20 Amassez-vous plutôt des trésors dans le ciel, là où ni vers ni rouille ne détruisent et où les voleurs ne fracturent ni ne volent.
21 Car là où est ton trésor, là aussi sera ton cœur.
[…]
24 Nul ne peut servir deux maîtres. Car, ou il haïra l’un, et aimera l’autre ; ou il s’attachera à l’un, et méprisera l’autre. Vous ne pouvez servir Dieu et Mammon.
25 C'est pourquoi je vous dis : Ne vous inquiétez pas, pour votre vie, de ce que vous mangerez ou de ce que vous boirez, ni, pour votre corps, de ce dont vous serez vêtus. La vie n'est-elle pas plus que la nourriture, et le corps plus que le vêtement ?
26 Regardez les oiseaux du ciel : ils ne sèment pas, ils ne moissonnent pas, ils ne recueillent rien dans des granges, et votre Père céleste les nourrit. Ne valez-vous pas beaucoup plus qu'eux ?
27 Qui de vous peut, par ses inquiétudes, rallonger tant soit peu la durée de sa vie ?
28 Et pourquoi vous inquiéter au sujet du vêtement ? Observez comment poussent les lis des champs : ils ne travaillent pas, ils ne filent pas ;
29 et pourtant je vous dis que pas même Salomon, dans toute sa gloire, n'a été vêtu comme l'un d'eux.
30 Si Dieu habille ainsi l'herbe des champs qui est là aujourd'hui et demain sera jetée au four, ne le fera-t-il pas à bien plus forte raison pour vous, gens de peu de foi ?
31 Ne vous inquiétez donc pas, en disant : « Qu'allons-nous manger ? » Ou bien : « Qu'allons-nous boire ? » Ou bien : « De quoi allons-nous nous vêtir ? »
32 — tout cela, c'est ce que les gens de toutes les nations recherchent sans relâche — car votre Père céleste sait que vous en avez besoin.
33 Cherchez d'abord le règne de Dieu et sa justice, et tout cela vous sera donné par surcroît.
34 Ne vous inquiétez donc pas du lendemain, car le lendemain s'inquiétera de lui-même. À chaque jour suffit sa peine.

*

« Qui de vous peut, par ses inquiétudes, rallonger tant soit peu la durée de sa vie ? »
(v. 27)

Jésus ne dit pas qu'il n'y aurait pas de problèmes qui prêtent à s'inquiéter, mais il interroge sur l'effet de l'inquiétude, qui ne rapporte rien de plus à la situation, aussi inquiétante soit cette situation… La leçon est proche de l'Ecclésiaste, qui écrivait — Ecc 9, 10-12 :

10 Tout ce que ta main trouve à faire, avec ta force, fais-le ;
car il n'y a ni activité, ni raison, ni connaissance, ni sagesse
dans le séjour des morts, où tu vas.
Le malheur arrive tout à coup
11 J'ai encore vu sous le soleil
que la course n'appartient pas aux rapides,
ni la guerre aux vaillants,
ni le pain aux sages,
ni la richesse aux intelligents,
ni la faveur à ceux qui savent,
car tous sont à la merci des temps et des circonstances.
12 L'être humain ne connaît pas plus son temps
que les poissons qui sont pris au filet, pour leur malheur,
ou que les oiseaux qui sont pris au piège ;
comme eux, les humains sont attrapés à l'heure néfaste qui s'abat sur eux à l'improviste.

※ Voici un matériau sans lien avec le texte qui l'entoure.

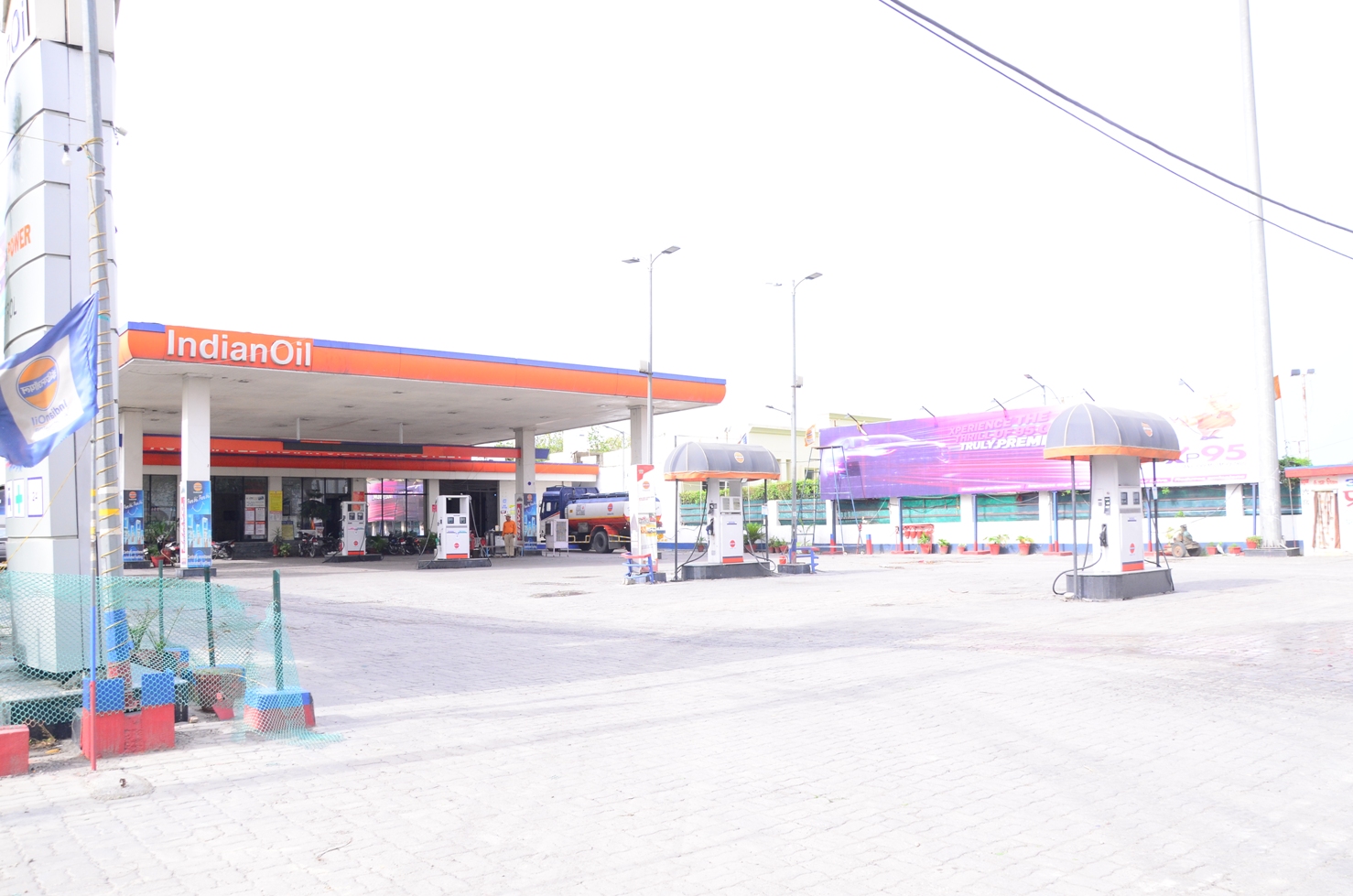 IndianOil - Babail, Panipat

Aussi, « Ne vous inquiétez donc pas du lendemain, car le lendemain s'inquiétera de lui-même. À chaque jour suffit sa peine. »

Il est manifeste, à la lecture parallèle de ces textes, que la sagesse, la philosophie de vie de Jésus est inscrite dans la lignée de l’Ecclésiaste.

Voilà qui nous permet d’approcher ce que Jésus entend par « ciel » — « Amassez-vous des trésors dans le ciel… Car là où est ton trésor, là aussi sera ton cœur. » Mammon c'est le trésor terrestre, dont la loi est « agitez-vous, soyez inquiets, quitte à piétiner le prochain : tout dépend de l’accumulation » !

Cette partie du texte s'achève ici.